INFORMATION PROVIDED:
..........

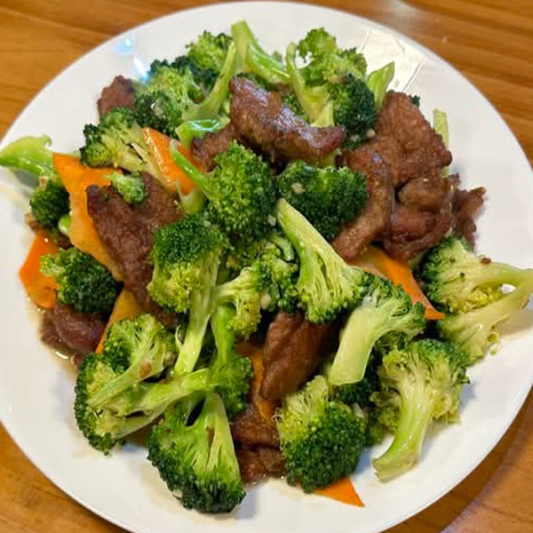 39. Sliced Beef with Broccoli 牛西兰花 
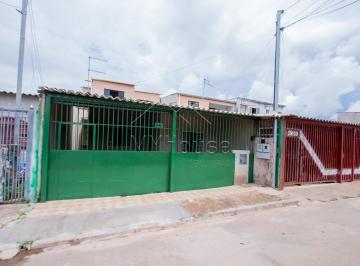 Casa de 4 quartos, Samambaia · SAMAMBAIA NORTE - QR 411 CONJ 10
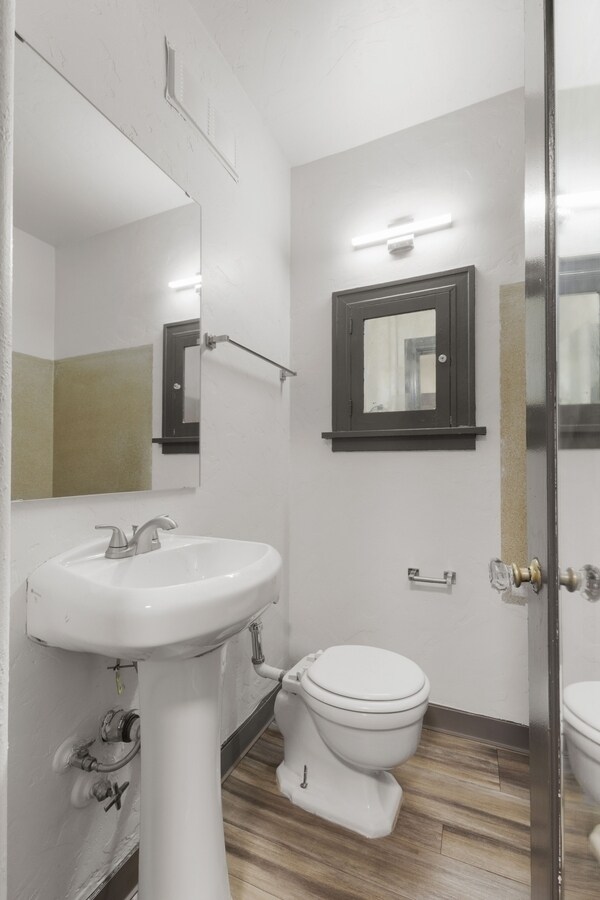 Building Photo - 16 N Broadway St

..........

AIM OF THE EXERCISE: Repeat the material above word for word; no images go in the copy.

WRITTEN RESPONSE:
 39. Sliced Beef with Broccoli 牛西兰花 
 Casa de 4 quartos, Samambaia · SAMAMBAIA NORTE - QR 411 CONJ 10
 Building Photo - 16 N Broadway St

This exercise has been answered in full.